Dix ans après, enquête autour des noyés de la Deûle
Faits Divers Dans «Les morts de la Deûle», le journaliste Tomas Statius décrit le rôle de l’ultradroite dans cette affaire de 2011
Après deux ans d’enquête, le journaliste Tomas Statius remet en question, avec un vrai talent d’écriture, l’hypothèse de la série d’accidents dans ce qu’on a appelé « l’affaire des noyés de la Deûle », qui avait angoissé Lille en 2011. A l’époque, cinq corps avaient été repêchés dans la rivière. Son livre Les morts de la Deûle (éditions JC Lattès) est sorti mercredi.
Pourquoi revenir sur ces affaires vieilles de dix ans ?
A l’époque, j’étais étudiant à l’Institut d’études politiques de Lille. Ça m’a profondément marqué, tout comme mes proches et mes amis. On a toujours eu des doutes sur les conclusions des enquêtes. En plus, peu avant, en 2009, un étudiant de notre école, Guillaume Mittre, avait aussi péri noyé dans la Deûle. Ceux qui l’avaient poussé s’étaient dénoncés, mais s’ils ne l’avaient pas fait, aurait-on retrouvé les coupables ?
Quelles sont vos conclusions ?
Je n’ai pas de réponses définitives à apporter. L’objectif n’est pas de savoir s’il s’agit de meurtres ou d’accidents, mais de retrouver l’atmosphère urbaine qui régnait alors à Lille. L’idée de départ du livre, c’est qu’à partir d’un fait divers, on peut raconter un milieu. Et dans le Nord, c’est celui de l’extrême droite et des skinheads qu’il me paraissait intéressant d’aborder.
Pourquoi ?
A l’époque des faits, Lille était en proie à des affrontements nocturnes réguliers entre militants d’extrême droite et d’extrême gauche, mais aussi à des agressions, parfois sur fond d’homophobie. Ce phénomène était peu couvert. Ce contexte politique local manquait dans le traitement médiatique de ces affaires.

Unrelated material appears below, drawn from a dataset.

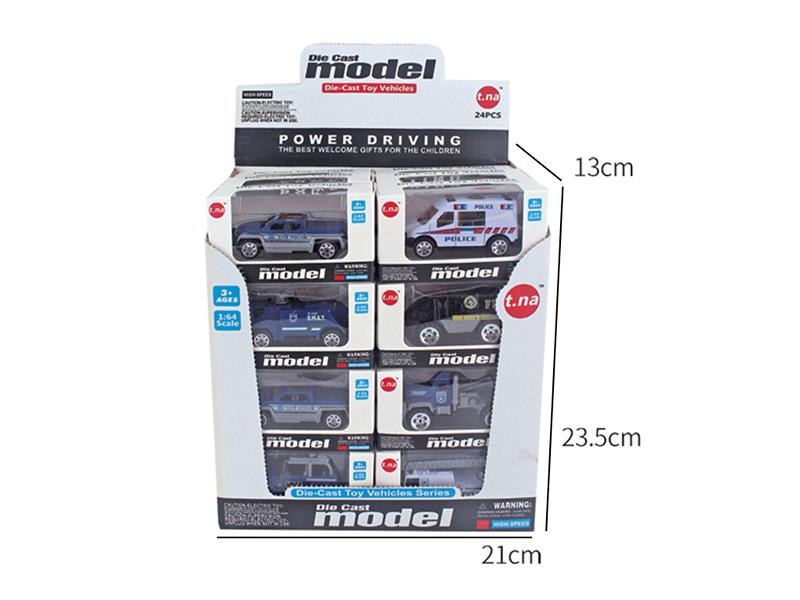 Slide Alloy Police Cars 24pcs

« Je tente de retracer une généalogie de l’extrême droite. »
Tomas Statius, journaliste
D’autant qu’en 2017, des militants d’extrême droite ont été mis en examen dans une des affaires…
Il a fallu attendre ce moment-là pour que les médias commencent à en parler. Dans ce livre, je tente d’aller plus loin et de retracer une généalogie de l’extrême droite, en creux de ces affaires, pour les éclairer d’une autre manière. J’ai recueilli les témoignages de personnes qui ont milité dans ces mouvements d’ultradroite. Souvent, il y a une réticence des journalistes à les interroger, car elles viennent d’un milieu sulfureux. Pourtant, dans le cadre de cette enquête, elles racontent beaucoup de choses intéressantes.
Le livre fourmille aussi de détails sur la dernière soirée de chaque victime.
Oui, j’ai essayé de contacter chaque témoin et j’ai ressenti chez elles une vraie volonté de mettre un point final à ces affaires.